Any one know the date for it??? I think it's in early March.


----------



## MrColumbia (Jan 21, 2010)

*Monson Mass Bike Swap Meet*

Jim Huntington called me last night. Here is the details for the meet;

*Jim Huntington's annual late winter bicycle swap meet*

Sunday, March 28th
6:00 am

Vendors can unload on Saturday after 12:00 noon

Memorial Hall, Main St., downtown Monson Masachusetts

Call Jim @ 413-893-9268 for more details or to reserve a space


----------



## catfish (Mar 16, 2010)

12 days away.... Who's going to be there???


----------



## 66TigerCat (Mar 16, 2010)

I'll be there.
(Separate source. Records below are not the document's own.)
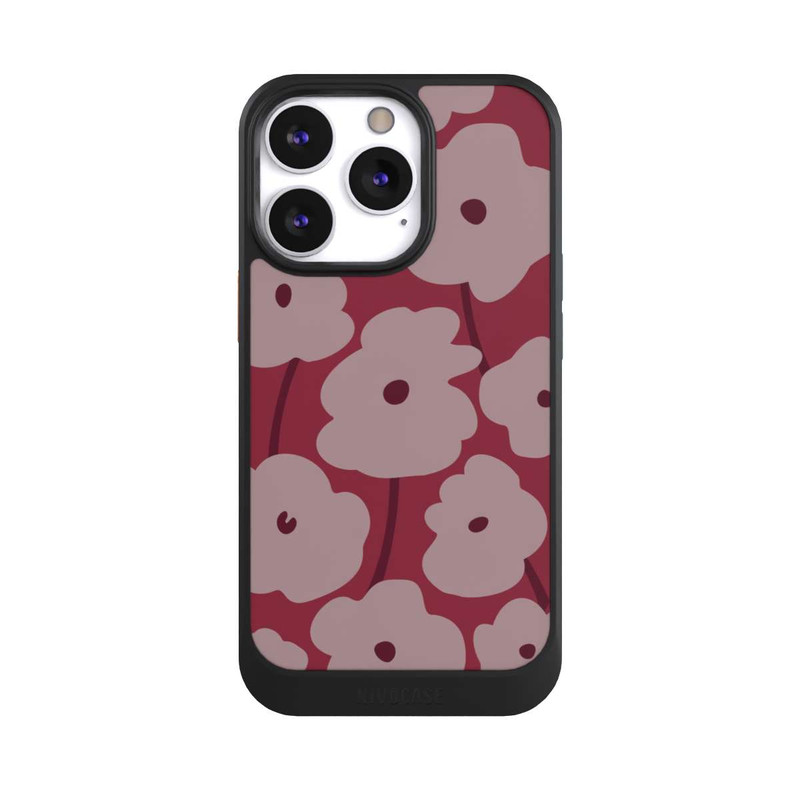 iPhone 13 Pro NIVOcore Minimalistische Blumen Bordeaux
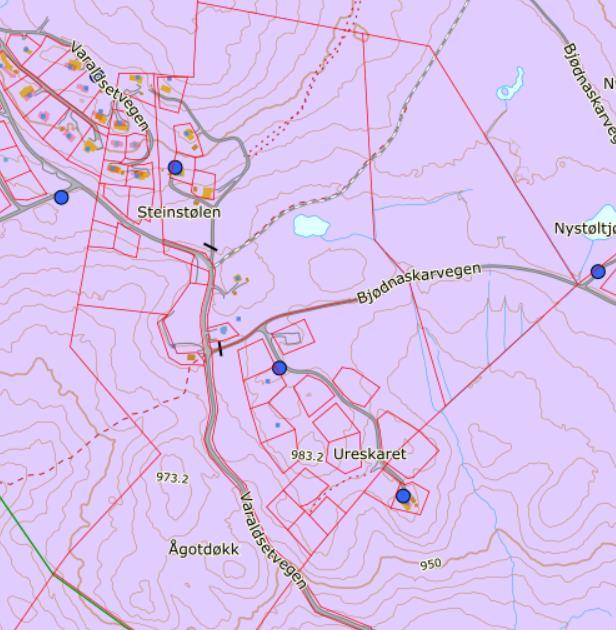 9 4.2 Berggrunn og potensialet for vannuttak i fjellbrønner Registrerte grunnvannsbrønner i databasen til NGU er vist i Figur 5 nedenfor.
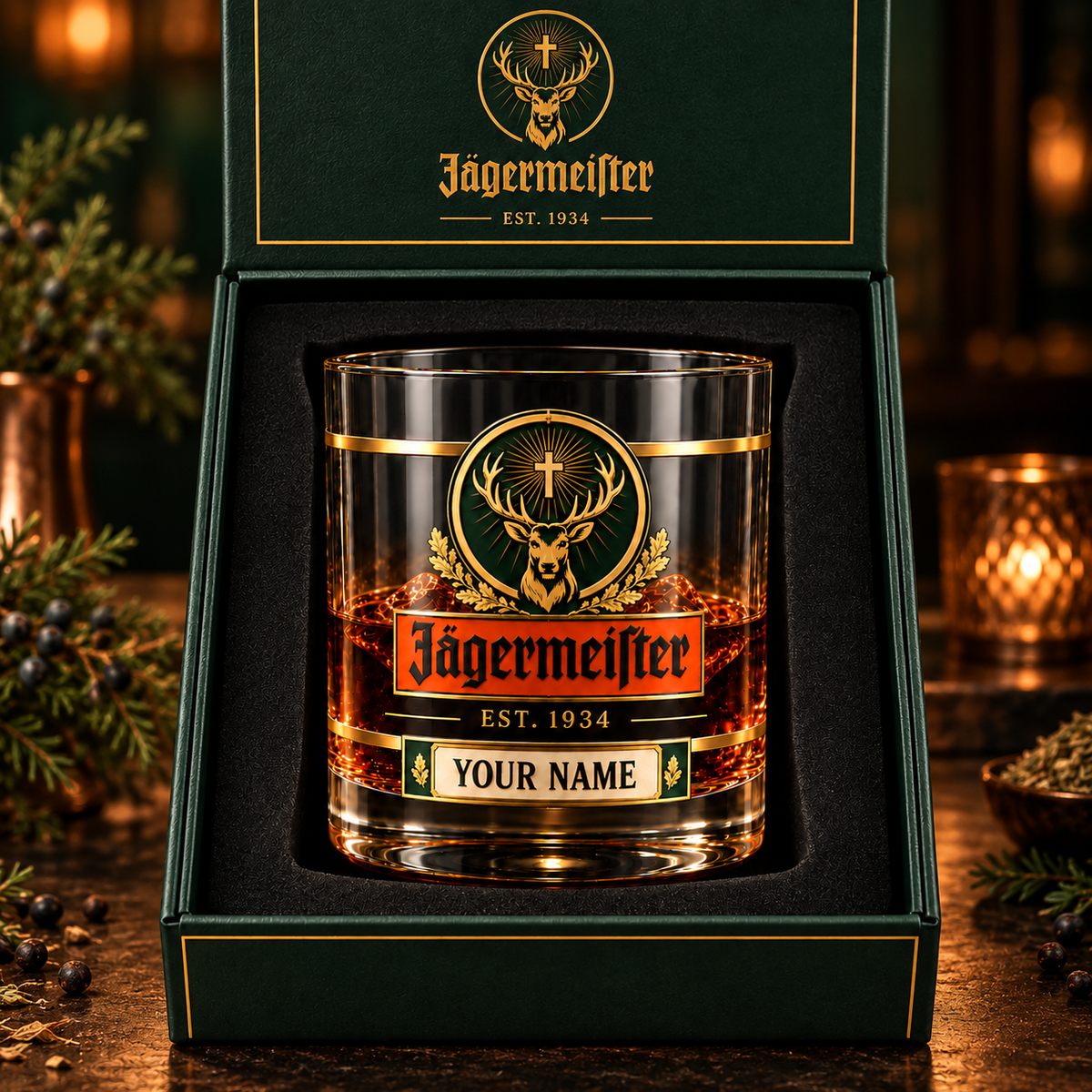 Jagermeist EST. 1934 Glass , Personalized Jagermeist Glass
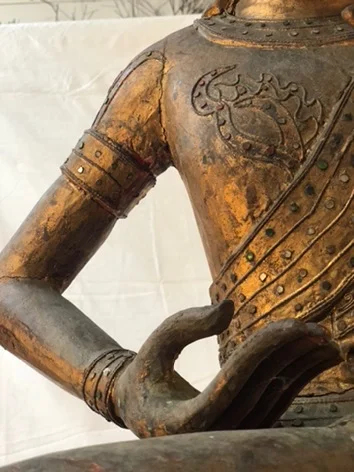 Hand Carved Wooden Thai Buddha.  Large. 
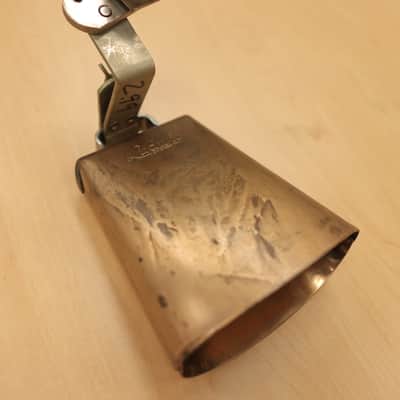 Vintage 1960s Ludwig Gold Tone Script Logo 5" Cowbell w/ Mount image 6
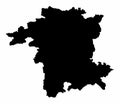 Worcestershire county silhouette map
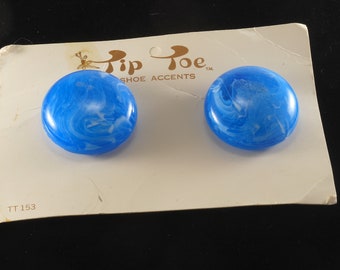 Vintage Pair Shoe Clips Blue White Round Button Tip Toe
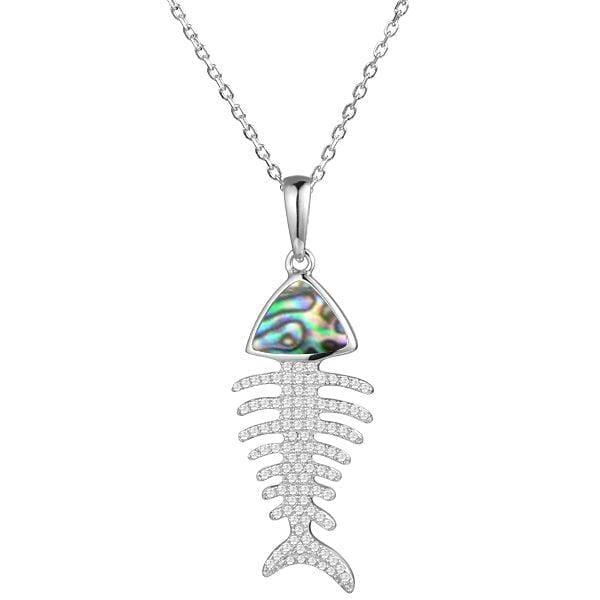 Sterling silver Fishbone pendant featuring abalone, and white topaz. 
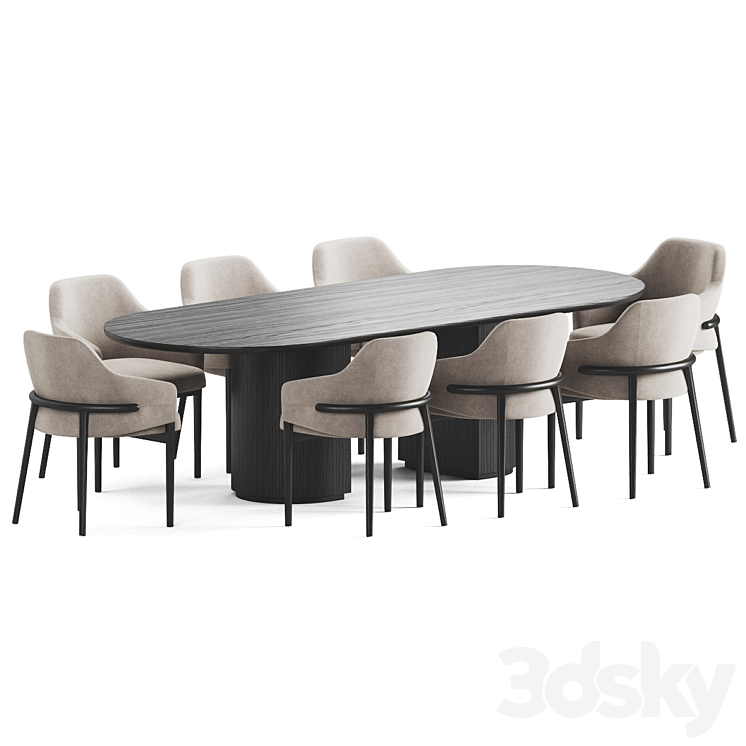 Dining Set 01 3DS Max Model - thumbnail 2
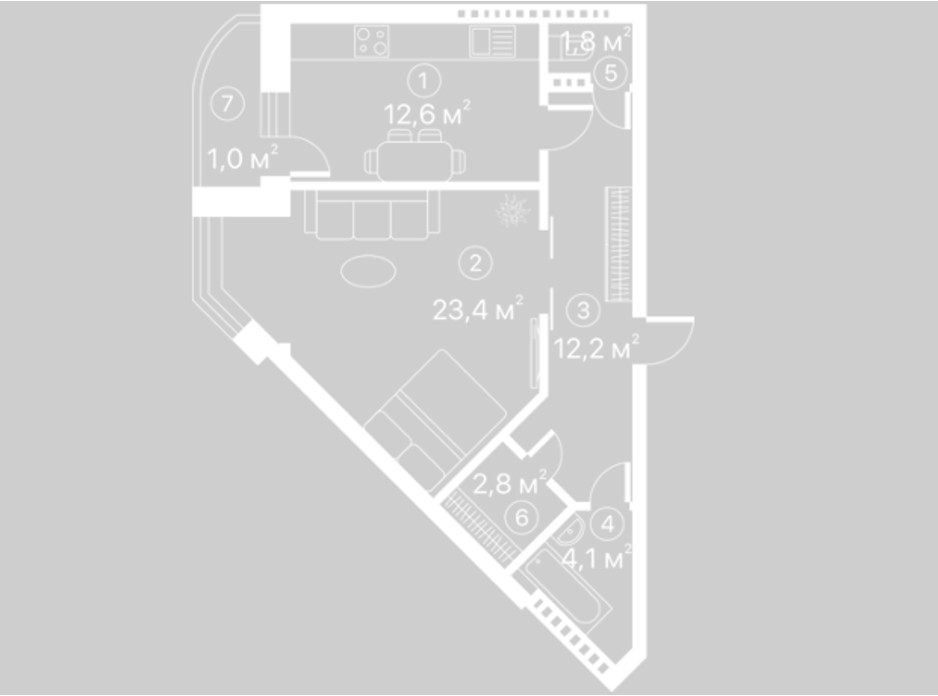 Планування 1-кімнатної квартири в ЖК Київський шлях 57.9 м², фото 128114 Планування 1-кімнатної квартири в ЖК Київський шлях 57.9 м², фото 128114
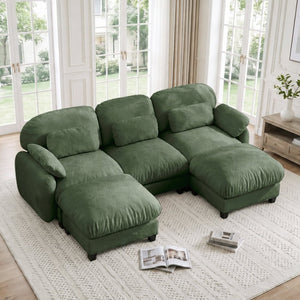 English Elm 3 Seater Chenille U-Shaped Modular Sofa with Removable Ottomans for Large Living Rooms Green W714S02054
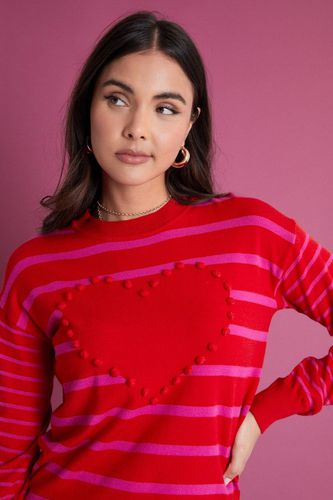 Womens Long Sleeved Knitted Top With Stripe And Heart Detail In Red - - XS - ANOTHER SUNDAY - Modalova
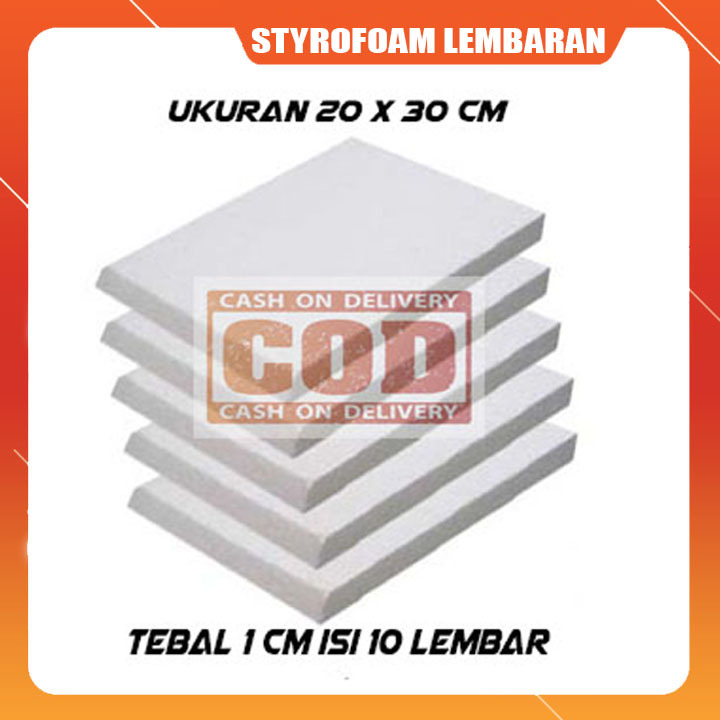 Styrofoam gabus lembaran uk 20 x 30 cm tebal 1 cm isi 5 dan 10 lembar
Catfish, will you have a table there ?

Jim


----------



## kz1000 (Mar 16, 2010)

I'll be there with a trailer load of goodies.


----------



## catfish (Mar 16, 2010)

66TigerCat said:


> I'll be there. Catfish, will you have a table there ?
> 
> Jim




I think I'm going to set up, but even if I don't I will be there. If there is some thing you need, let me know and I'll bring it.

   Catfish


----------



## pelletman (Mar 28, 2010)

http://www.facebook.com/photo.php?pid=31162297&l=e913c29f89&id=1350752048


----------



## catfish (Mar 29, 2010)

Was a great show and a great day. Scored some good stuff. And did some selling too.


----------



## nighthitcher (Apr 9, 2010)

sounds good to me


----------